The pound slumped, falling to its lowest since April at $1.3773. Traders also wound back bets on BOE rate increases, pricing in about 22 basis points of tightening in November 2022 compared to 25 basis points before the speech.
“The one thing that was propping up the pound in the face of the resurgent Covid pandemic was the expectation the BOE will start normalizing its rates next year,” said Credit Agricole’s head of G-10 FX research Valentin Marinov. While raising rates between 10 and 25 basis points is still in the cards for next year, “it is unlikely to grow into a tightening cycle in 2023,” he said.
Bailey said part of the recent surge in inflation increase was due to statistical comparisons with a year ago and shortages that emerged when shops and restaurants were allowed to reopen. Those effects “should not last,” and there’s likely to be a further drop in pricing pressures as further loosening of the rules allows overall consumption in the economy to shift away from goods and toward services.
“It is important not to over-react to temporarily strong growth and inflation, to ensure that the recovery is not undermined by a premature tightening in monetary conditions,” Bailey said.
While Haldane sees prices rising close to 4% by the end of the year, Bailey reiterated the bank’s forecast for inflation to peak at 3% and then fall back toward the BOE’s target next year.
In addition to supply chain bottlenecks and pressures on demand, labor shortages pose a further downside risk.

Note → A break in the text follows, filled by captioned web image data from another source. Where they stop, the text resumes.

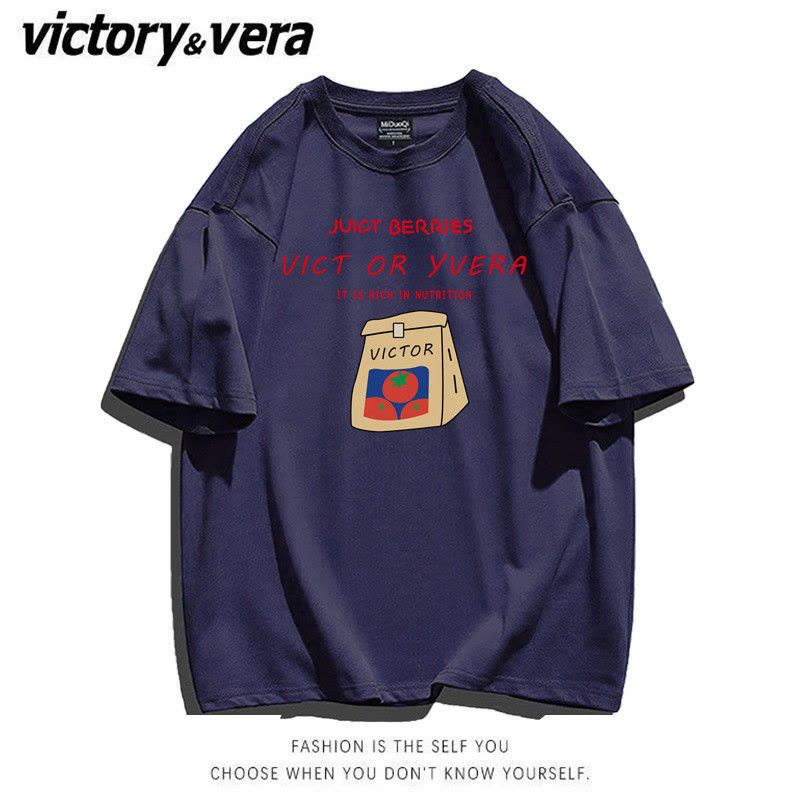 VICTORYVERA港风日系短袖t恤女夏季2022新款韩版宽松字母印花上衣图片
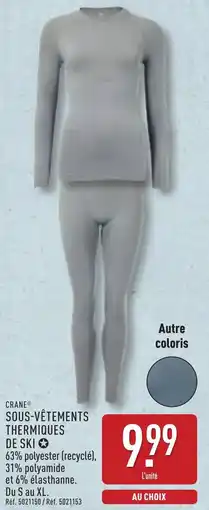 ALDI Crane sous-vêtements thermiques offre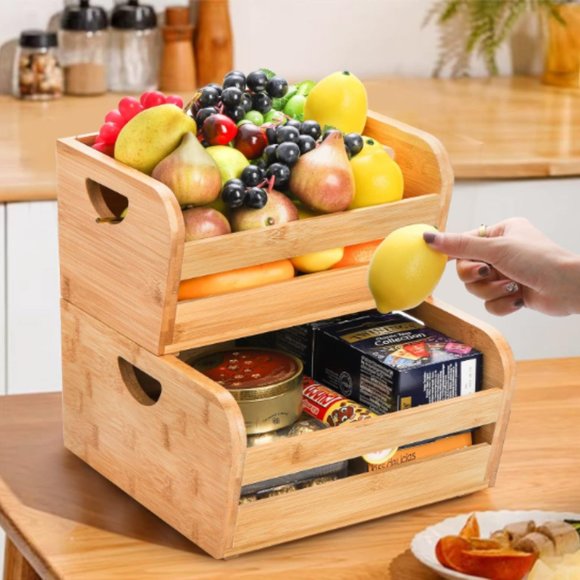Deayou Kitchen 2tier Stackable Bamboo Fruit Baskets Openfront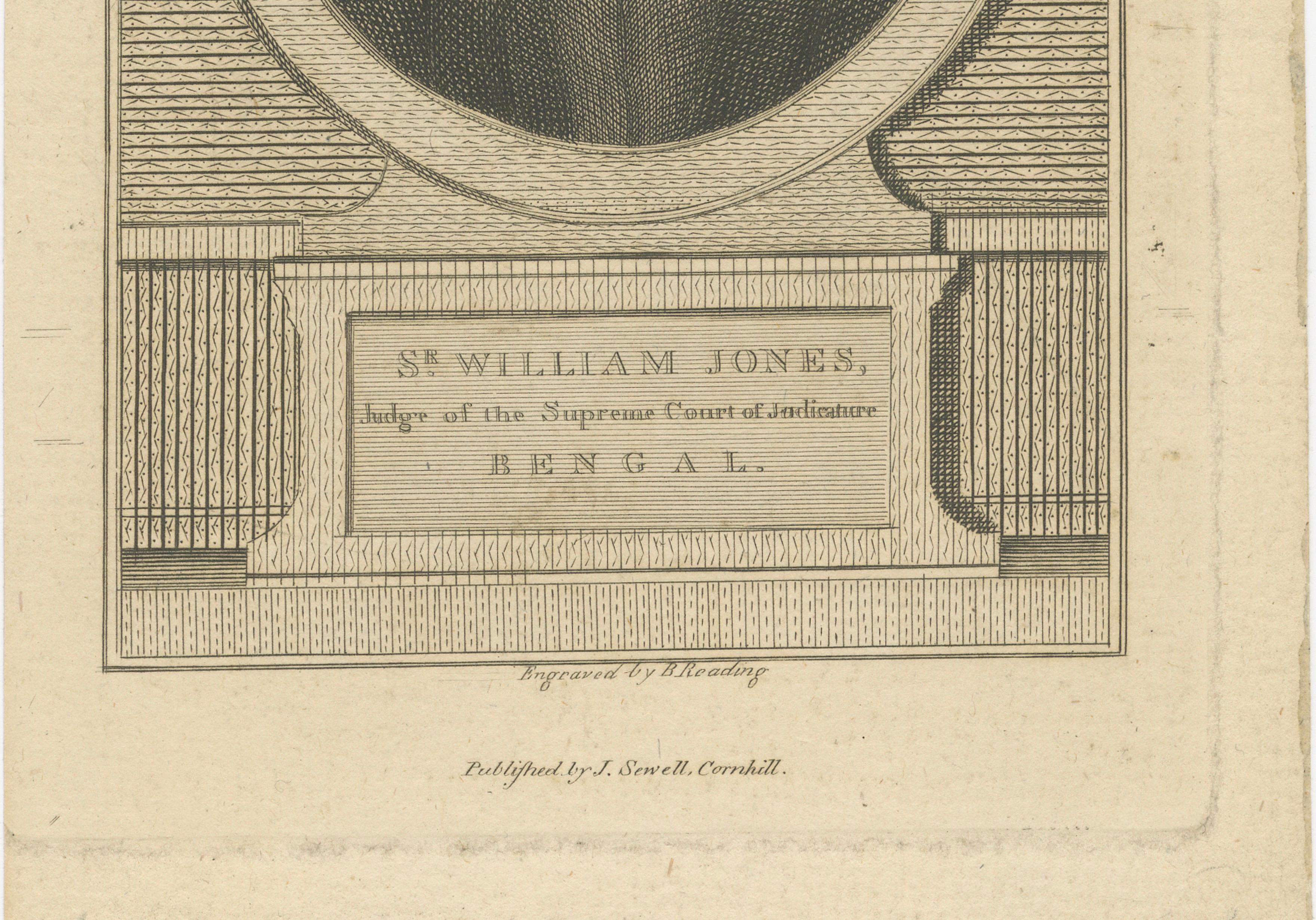 Engraved Sir William Jones – Judge of the Supreme Court of Bengal – European Mag. c.1795 For Sale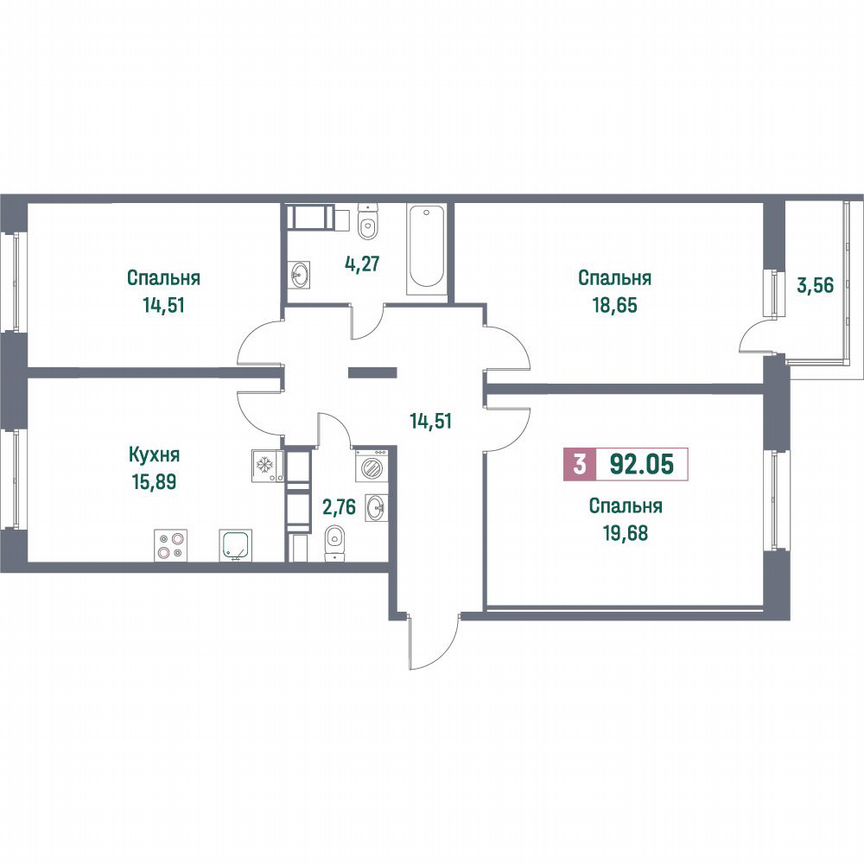3-к. квартира, 92,1 м², 3/16 эт.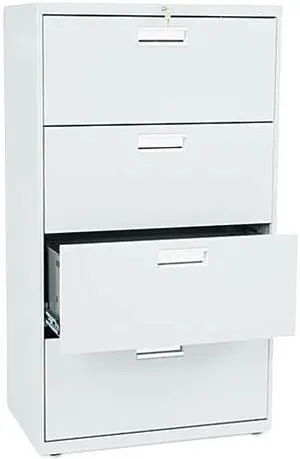 HON 674LQ 600 Series Four-Drawer Lateral File, 30.00" Width x 19.25" Depth, Light Gray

“We could see wage pressures arising if the number of people in worker or seeking work does not return to pre-Covid levels and inactivity remains at a higher level,” Bailey said.
Bailey said that policy makers will monitor carefully how prices respond in coming months and respond quickly if needed. He noted price pressures are creeping into the cost of raw materials and that he’s watchful for “signs of more persistent pressure and for a move of medium term inflation expectations to a higher level.”
“If we see those signs, we are prepared to respond with the tools of monetary policy,” he said.